WORK ITEM | The complete listing goes into the output exactly, without its pictures.

DATA EXCERPT |

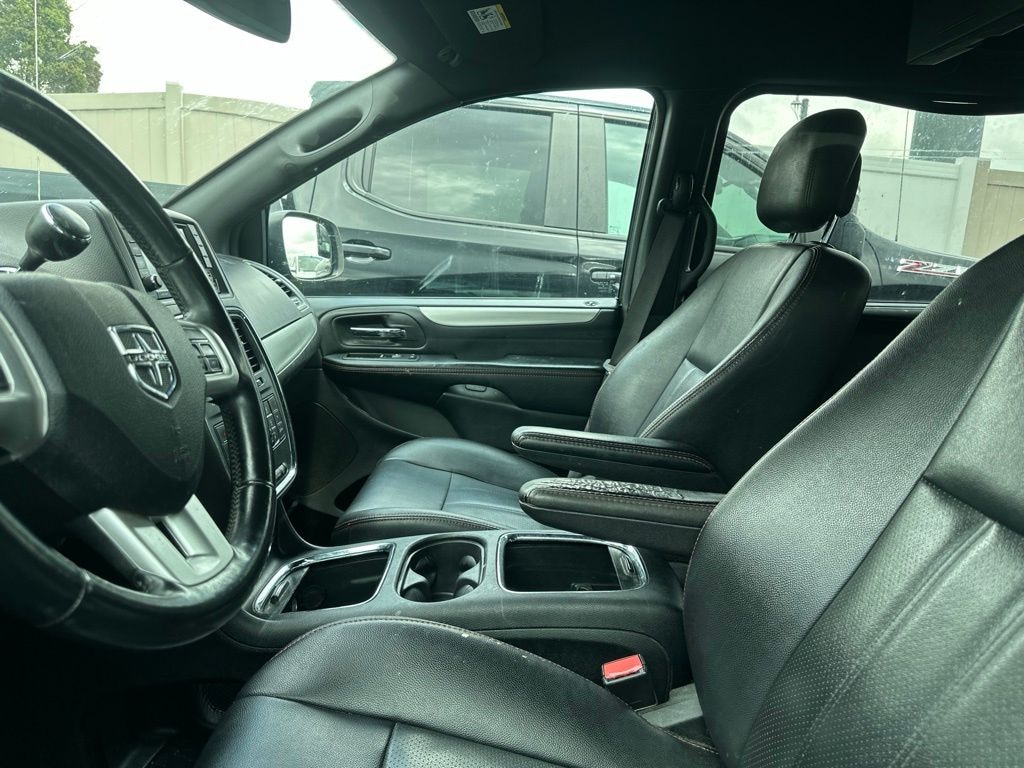 Used 2019 Dodge Grand Caravan GT Van Passenger Van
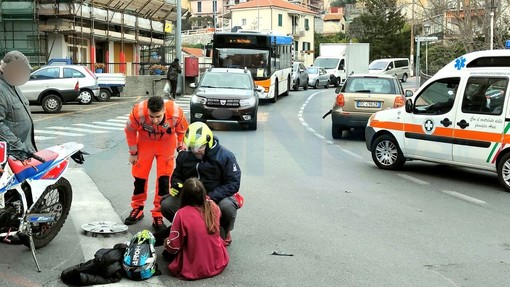 Imperia: scontro tra uno scooter e un'auto per una mancata precedenza, 16enne lievemente ferita (Foto)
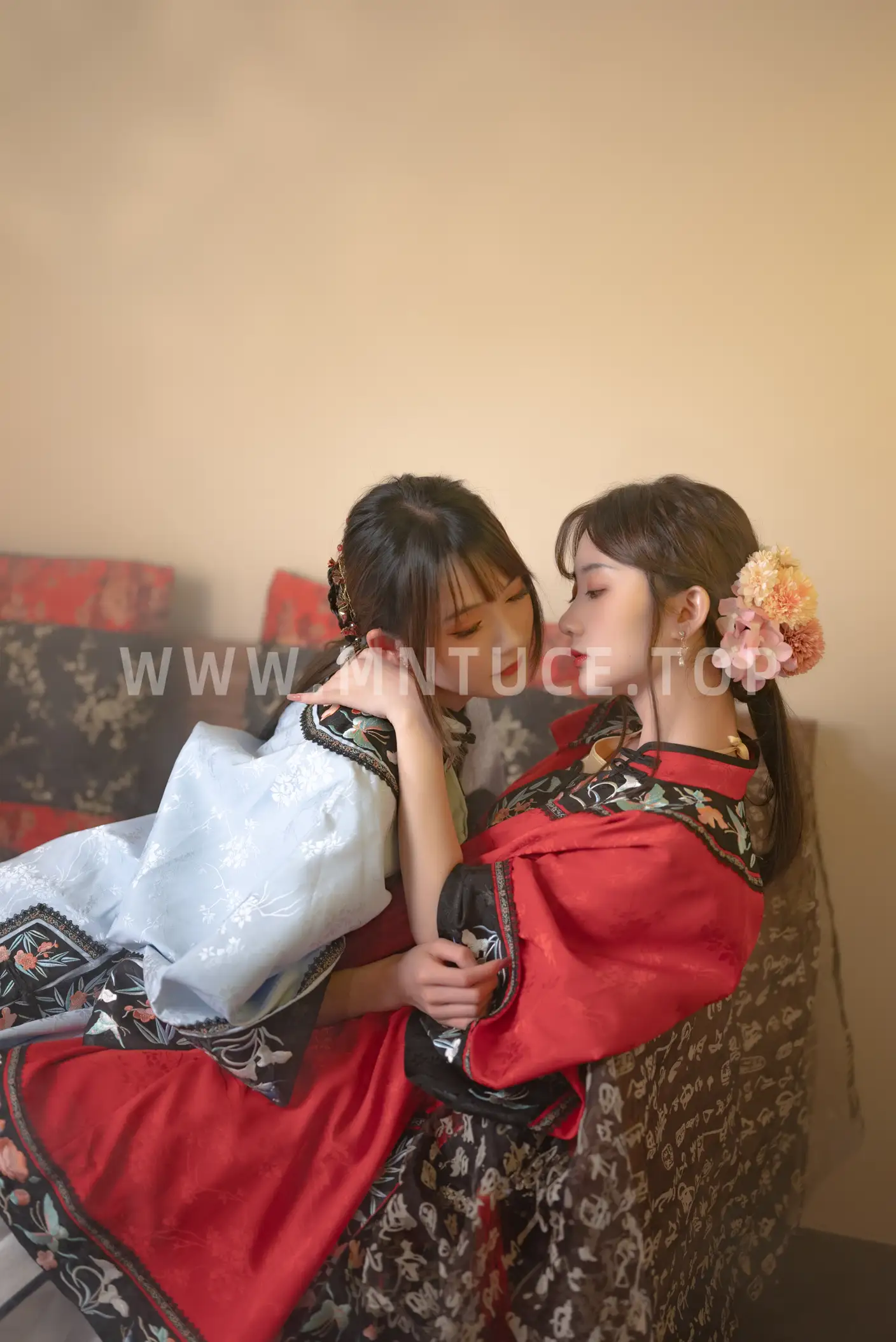 [艺图语] 2022.06.30 Vol.1332 – 深闺 兔子Zzz不吃胡萝卜#[32P]-19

WRITTEN SOLUTION |
 Used 2019 Dodge Grand Caravan GT Van Passenger Van
 Imperia: scontro tra uno scooter e un'auto per una mancata precedenza, 16enne lievemente ferita (Foto)
 [艺图语] 2022.06.30 Vol.1332 – 深闺 兔子Zzz不吃胡萝卜#[32P]-19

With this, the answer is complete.